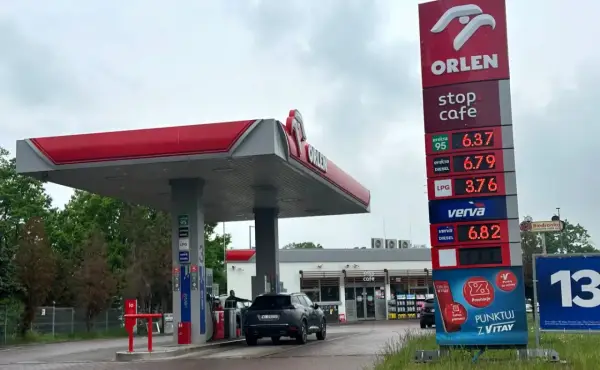 Cena LPG na Orlenie to 3,76 zł. Na tablicy widać też ceny benzyny i diesla.
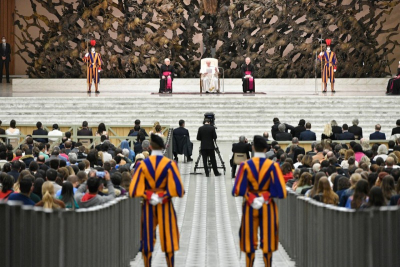 Catequesis del Papa: El trabajo es unción de dignidad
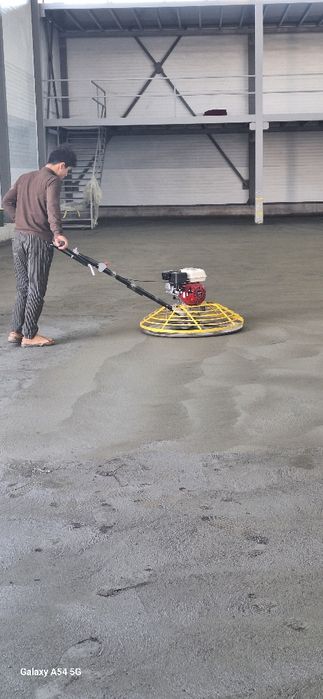 Styashka хизмати, стяжка, shlifovka, затирка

————————

- _Task brief_
Return every line above verbatim, pictures excluded.

- _Exercise solution_
 Cena LPG na Orlenie to 3,76 zł. Na tablicy widać też ceny benzyny i diesla.
 Catequesis del Papa: El trabajo es unción de dignidad
 Styashka хизмати, стяжка, shlifovka, затирка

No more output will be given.